United, Continental complete combination

United and Continental closed the deal on Friday that will create the world’s biggest airline, although it will be months before it looks that way to travelers.

By early 2012, travelers will see a combined airline called United Airlines, with Continental’s blue and gold colors and globe logo on the tail.

Between now and then, the new company, United Continental Holdings Inc., will run the two as separate operations, with each airline’s customers checking in at Continental or United websites and airport counters. Their frequent flier programs will stay separate for now too.

The company said travelers should begin to see a more unified brand in the spring.

Will they see higher fares too?

Rick Seaney, CEO of FareCompare.com, said the economy will hold down prices in the short run. Eventually, he expects reduced competition to lead to higher fares — the result of Delta’s takeover of Northwest, Continental’s disappearance, and Southwest’s pending purchase of AirTran.

“If you take two carriers out, and a third pretty soon, prices are likely to go up,” he said.

Airline pricing is notoriously fickle. Fares can rise on one route while falling on another due to competition, the economy and fuel prices.

Then there are the different types of tickets. Bob Harrell, an aviation and travel consultant in New York, said business fares — high-priced, last-minute tickets — will rise now as the overall economy improves. Airlines will have less success raising leisure fares, he said, because consumers worried about jobs and home values will wait for sales.

Mergers don’t automatically lead to higher fares. Airlines are collecting less in fares per mile on domestic flights than they were before Delta Air Lines Inc. bought Northwest in 2008, thanks to the recession and competition from low-fare carriers. They have offset weak fares by raising billions from add-on fees for checking baggage and changing flights.

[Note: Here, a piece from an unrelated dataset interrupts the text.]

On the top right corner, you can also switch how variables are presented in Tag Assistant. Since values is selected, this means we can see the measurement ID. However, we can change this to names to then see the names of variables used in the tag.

The U.S. had at least five major international airlines before Delta bought Northwest. Now it has three dominant international airlines — United Continental, Delta, and AMR Corp.’s American — and a big domestic hauler, Southwest Airlines Co.

United and Continental together carried 8.7 percent more traffic than Delta through August of this year. The combined airline would have about 5,800 daily departures, versus Delta’s 5,715.

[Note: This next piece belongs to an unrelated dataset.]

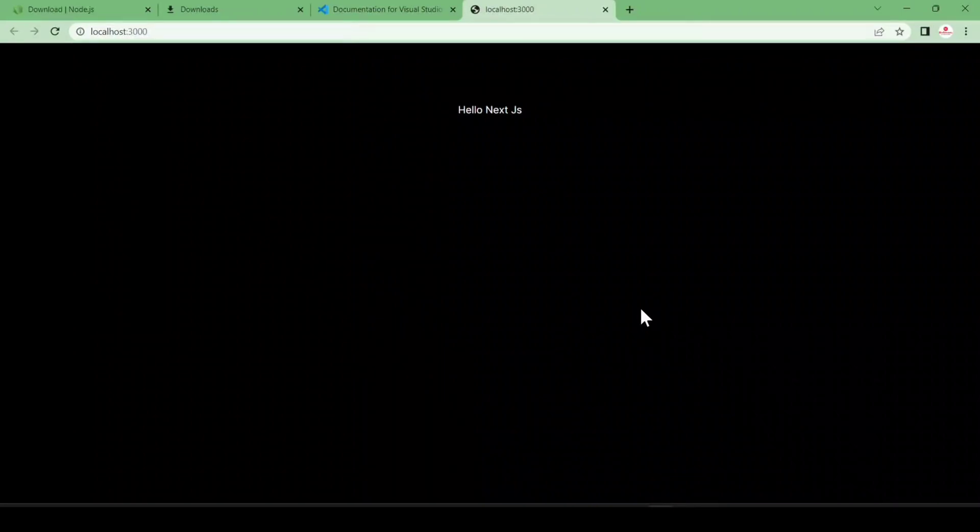So this is how you can download and install Next.js on your Windows machine. That's it for today's video. Hope you liked it — if you did, please subscribe to my channel, share it with your friends, and bye bye.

United Continental hopes its larger route map will attract more corporate travelers.

“We believe we’ll be able to increase the mix of business travelers because we can go to corporations and offer them a very compelling proposition of flying on a single carrier,” United Continental CEO Jeffery A. Smisek said on a conference call Friday. Business travelers in a hurry favor nonstops over changing planes or taking two separate airlines.

Smisek spoke from United’s headquarters in Chicago, where the new company is based. The airline will be closing Continental’s headquarters and operations center in Houston, but Smisek declined to discuss job cuts.

The company expects up to $1.2 billion in combined new revenue and cost savings by 2013, much of it in new sales as a larger network attracts new passengers.

J.P. Morgan analyst Jamie Baker wrote in a note that he is “doubtful” of the company’s projections. He wrote that Delta management claimed $1.5 billion in similar gains from the Northwest deal, but its margins have only been on par with the rest of the industry.

Baker expects $400 million in extra labor costs at United Continental as it integrates two unionized work forces.

Smisek said it will take at least a year to get a single operating certificate from the Federal Aviation Administration. He wants joint union contracts with all of the airline’s workers by then.

That could be tough. United and Continental pilots are in the same union but have very different limits on the size of planes flown by regional partners. Flight attendants and ground workers are in different unions.

Shares under the new ticker “UAL” rose $1.11, or 4.6 percent, to $24.75 in afternoon trading. The old UAL Corp. and Continental Airlines Inc. shares had their last day on Thursday.